The answer isn't to stop trusting data. It's to get better at reading it.

The bottom line

The chart was real. The data was real. The label was a lie. And 30 million people saw the lie before anyone checked. In an information environment where a single screenshot can outrun every fact-checker on the planet, the most important skill isn't knowing the right answer — it's knowing how to ask the right questions before you hit share.


Frequently asked questions

What did the viral chart actually show?

The chart showed the percentage of US women identifying as bisexual by age group, from 2014 to 2025. The data came from CDC surveys and was originally published by psychologist Jean Twenge on her Substack.

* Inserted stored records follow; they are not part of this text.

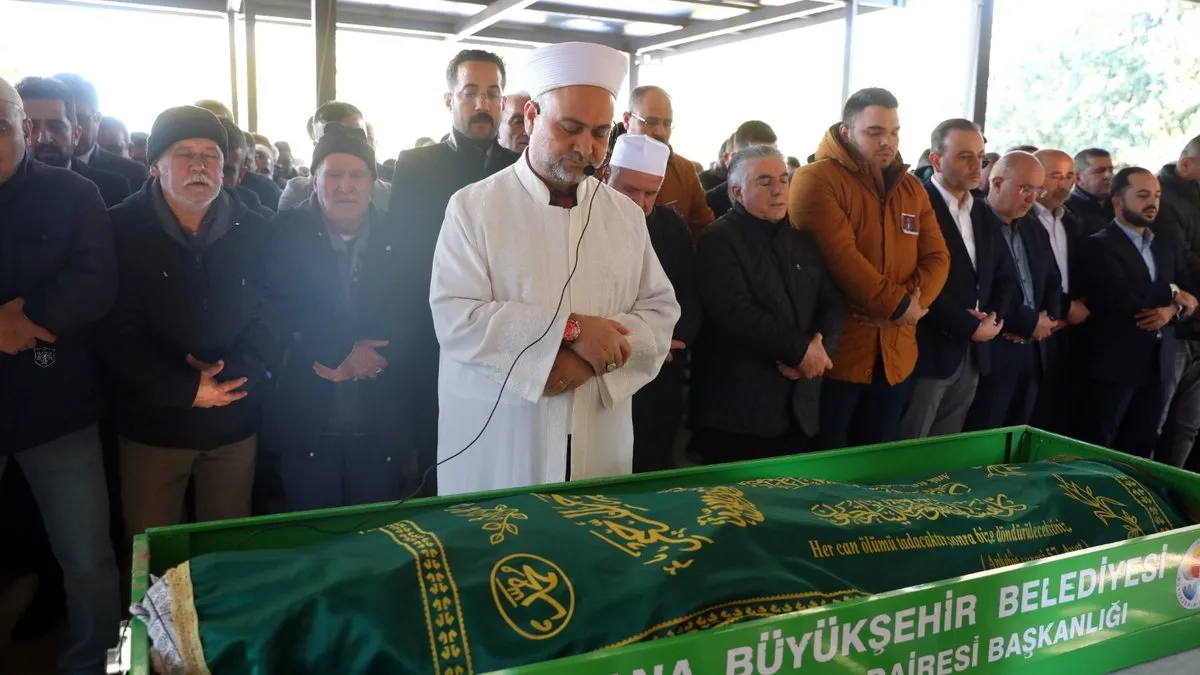 Bıçaklanarak öldürülen imam toprağa verildi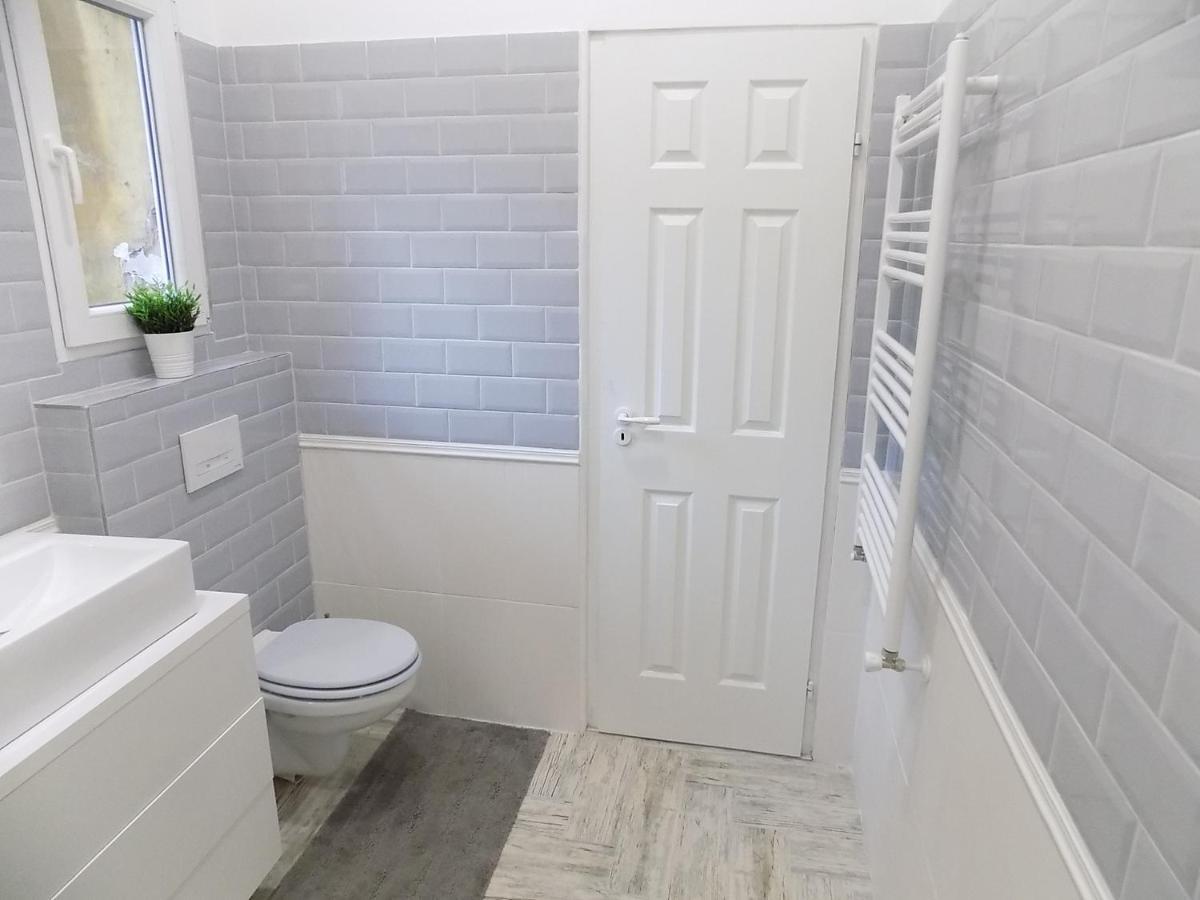 A10 Alkotmany B Apartment Βουδαπέστη Εξωτερικό φωτογραφία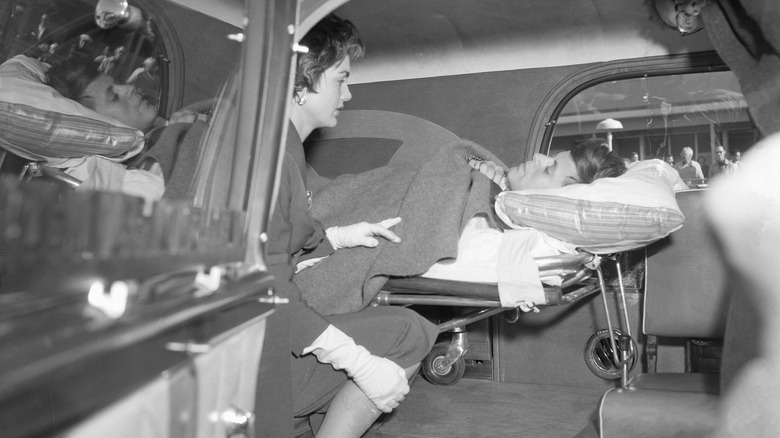 John F. Kennedy en camilla en una ambulancia con Jackie Kennedy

It had nothing to do with transgender identification. Someone removed the original labels and added a false caption claiming it showed trans youth data.

How can I tell if a chart on social media is real or manipulated?

Use a four-step check: (1) look for the original source — if there's no link, be skeptical; (2) read the axes and labels carefully for specifics; (3) trace who collected the data and how; (4) consider who is sharing it and whether context has been removed. Reverse image search can help you find the original version.

What is the "liar's dividend" in misinformation?

The liar's dividend is a concept where the known existence of fakes and manipulated content gives people a reason to dismiss real evidence they find inconvenient. Once people learn that charts can be mislabeled, some use that knowledge not to become better readers of data, but to reject any data that challenges their existing beliefs.